Author(s): Joachim N, Kifley A, Colijn JM, Lee KE, Buitendijk GHS, Klein BEK, Myers C, Meuer SM, Tan AG, Flood V, Schoufour JD, Franco OH, Holliday EG, Attia J, Liew G, Iyengar SK, de Jong PTVM, Hofman A, Vingerling JR, Mitchell P, Klein R, Klaver CCW, Wang JJ. Joint contribution of genetic susceptibility and modifiable factors to the progression of age-related macular degeneration over 10 years: the three continent AMD consortium report. Ophthalmol Retina. 2018 Jul;2(7):684-693. doi: 10.1016/j.oret.2017.10.019. Epub 2017 Dec 30. PMID 31047378
PURPOSE To assess joint effects of genetic and modifiable factors on the 10-year progression of age-related macular degeneration (AMD).
DESIGN Individual and pooled data analyses of 2 population-based cohorts.
PARTICIPANTS Blue Mountains Eye Study (BMES) and Rotterdam Study (RS) participants (n = 835).
METHODS Participants of the BMES and RS were followed up over 10 years or more. At baseline and follow-up visits, interviews using questionnaires and eye examinations with retinal photography were performed. Age-related macular degeneration was assessed by trained photographic graders and verified by retinal specialists. Genetic susceptibility to AMD meant carrying 2 or more risk alleles of the CFH or ARMS2 SNPs, or both (rs1061170 and rs10490924), relative to 0 or 1 risk allele. Discrete logistic regression models were used to investigate the joint associations of genetic susceptibility and either smoking, fish consumption, dietary intake of lutein-zeaxanthin, or combined environmental risk scores from the 3 modifiable factors with the risk of AMD progression. Odds ratios (ORs) with 95% confidence intervals (CIs) and synergy indexes are reported.

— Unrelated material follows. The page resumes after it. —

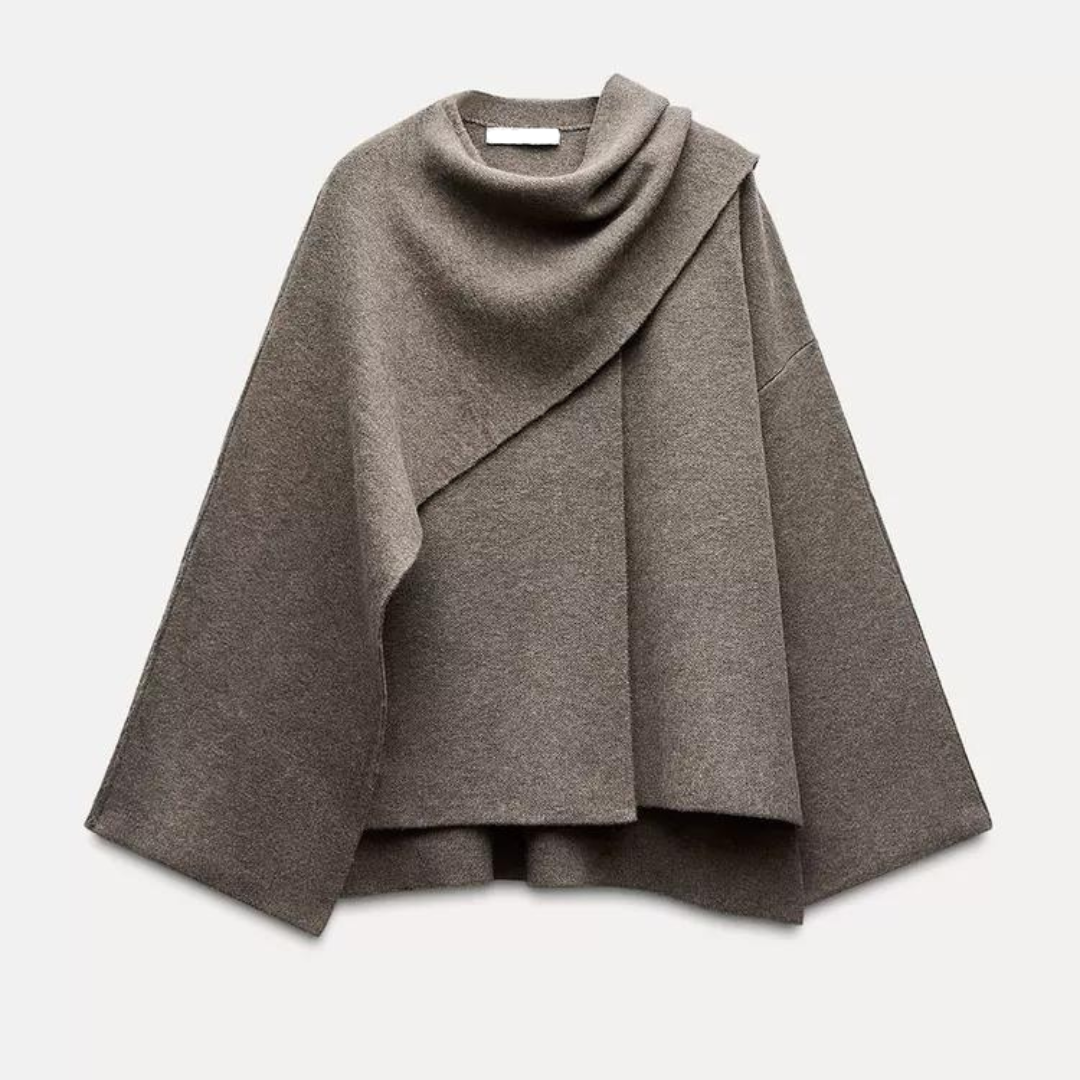 Nina - Manteau cape en laine gris anthracite col écharpe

MAIN OUTCOME MEASURE Ten-year progression of AMD, categorized as any (≥1 step) or 2-step (≥2 steps) progression on the Three Continent AMD Consortium 5-step severity scale.
RESULTS Older age, the presence of AMD genetic susceptibility, and baseline AMD status were associated strongly with AMD progression (P < 0.0001). In analyses of pooled data, each additional score from the combined environmental risk scores was associated with an increased risk of 2-step progression over 10 years (OR, 1.26; 95% CI, 1.02-1.56). The copresence of AMD genetic susceptibility and combined risk score of 3 or more was associated with a substantially higher risk of 2-step progression compared with the presence of either factor alone. There was a significant synergistic effect (OR, 4.14; 95% CI, 1.07-15.95) and interaction (P = 0.025) between genetic susceptibility and environmental risk score of 3 or more.
CONCLUSIONS Among persons with AMD genetic susceptibility and pre-existing early AMD lesions, presenting with high environmental risk scores from 3 modifiable factors (smoking, infrequent consumption of fish, low lutein-zeaxanthin intake) were associated with an increased risk of 2-step progression over 10 years.